Keywords

1 Introduction

It is often said that we are drowning in data but starving for knowledge [1]. Extraction of information from data facilitates knowledge building. Information which can be termed as a subset of data stimulates action in an entity, whereas knowledge defines the action of an entity in a particular setting [2]. A number of researchers have classified knowledge on different basis, sometimes defining the manner of codification and occurrence [3], or on the basis of know-what, know-how, know-why and know-when aspect of knowledge [4]. Some have even mapped knowledge in diverse domains [5].

There are varieties of ways for representing knowledge [6]. Using production rules written in form of IF-THEN rules is one of the most popular approach used for knowledge representation [7]. The IF-THEN rules adopt a modular approach, each defining principally independent and a relatively minor piece of knowledge.
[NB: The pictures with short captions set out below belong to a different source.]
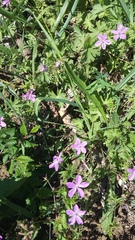 Geranium asphodeloides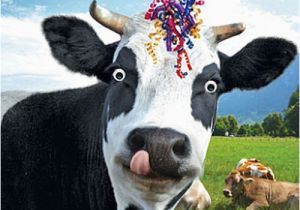 Cow Birthday Meme Details About Funny Cow Streamers Birthday Card Happy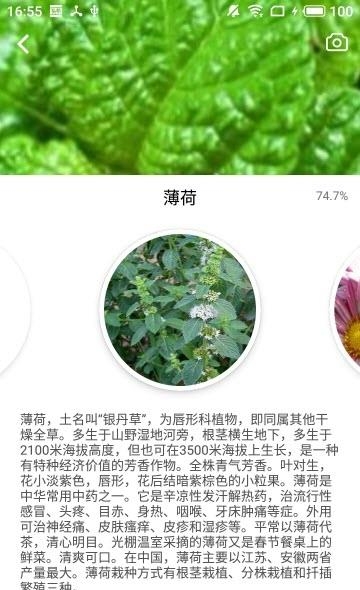 森林百科
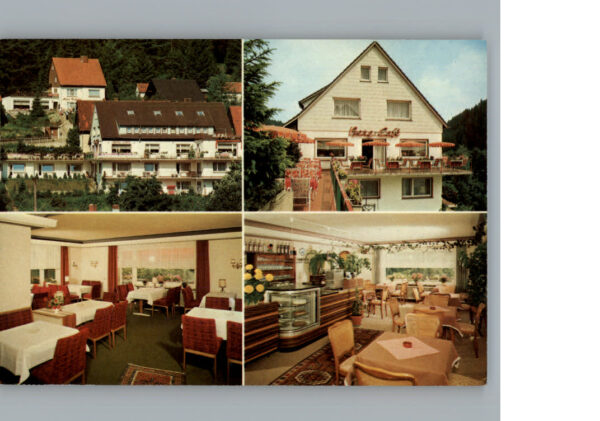 Altenau Harz Hotel - Pension Bergquell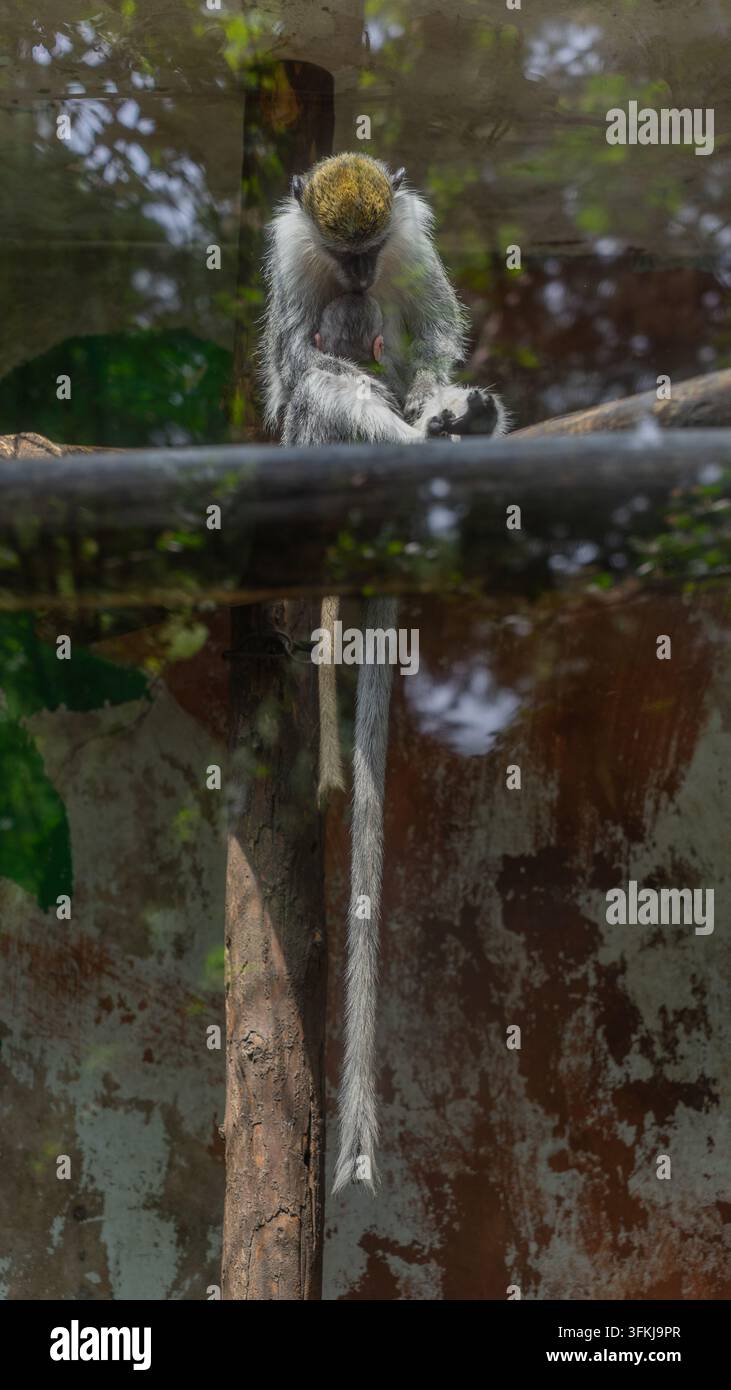 Grüner Affe umarmt sein Junges und sitzt auf einem Holzgestell im Tiergehege und blickt nach unten Stockfoto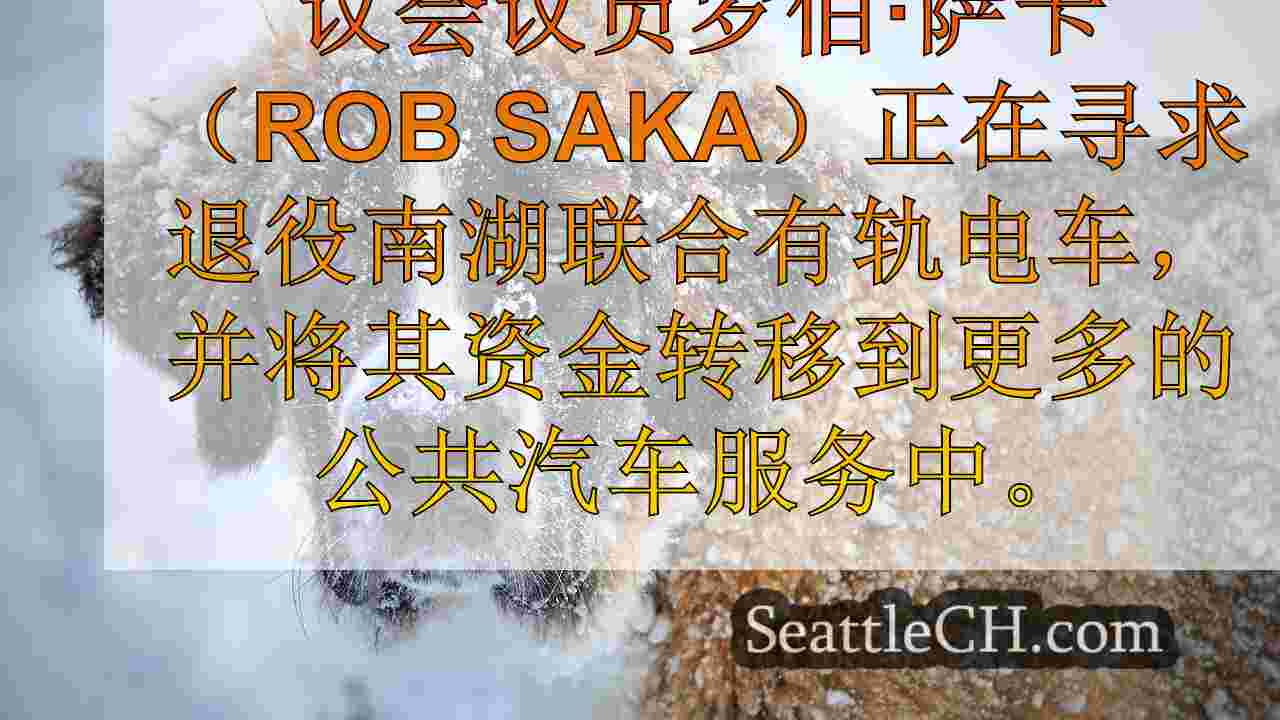 西雅图新闻 SeattleCH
A rule-based system will include universal rules and actualities about the knowledge domain covered.

Knowledge building in education domain can be achieved by adopting procedures that optimize their functioning.

The research work is undertaken with an objective of deducing relevance index for inferred knowledge. The case of education sector is taken in particular while inferring knowledge related to student’s academic performance in a technical subject at level of higher education. It is important to deduce relevance index to inferred knowledge as it is a clear depiction of the existing system and further helps in decision making.

The paper is organized as follows. Section 2 elaborates the methodology adopted for rule induction and further rule evaluation in the higher education set-up. Finally, the conclusions are drawn and presented in Sect. 3.

2 Adopted Methodology in Higher Education Scenario

Educational organizations strive to achieve the higher academic output for the students. Many researchers have strived hard to predict the factors affecting the academic results of students [8,9,10,11,12]. Identification of such critical parameters, which could improve the academic attainment of students, supports an effective academic planning.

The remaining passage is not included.